» **What you are asked to do**: Span requested from the data below: the line with "wife and stepmother" through the line with "Inauguración del III", both included. Give only these lines again, exactly, and leave every picture out.

» **Records**:
..........
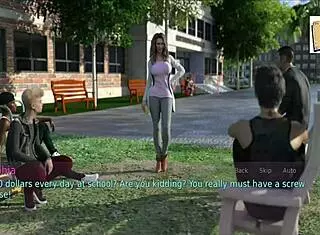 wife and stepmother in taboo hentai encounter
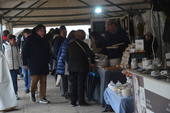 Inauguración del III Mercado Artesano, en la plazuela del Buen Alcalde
..........
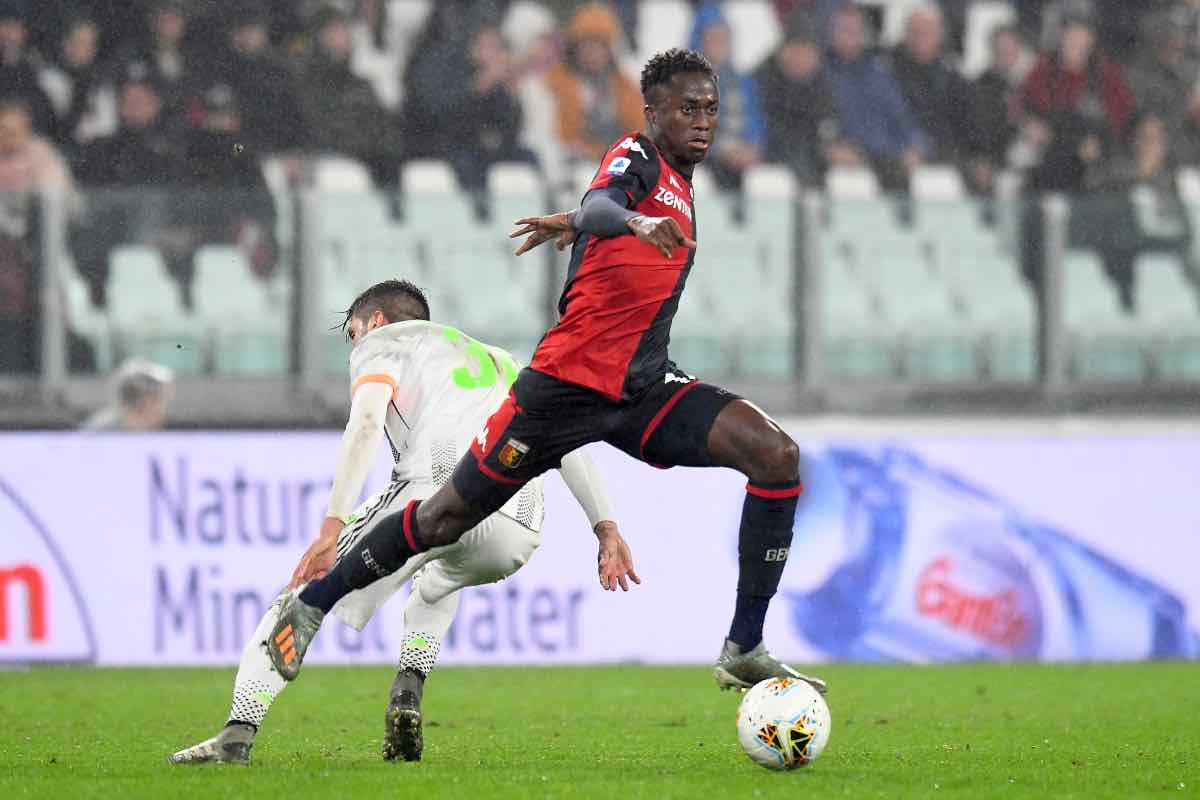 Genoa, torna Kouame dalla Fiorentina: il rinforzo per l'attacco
..........
» **Solution for this exercise**:
 wife and stepmother in taboo hentai encounter
 Inauguración del III Mercado Artesano, en la plazuela del Buen Alcalde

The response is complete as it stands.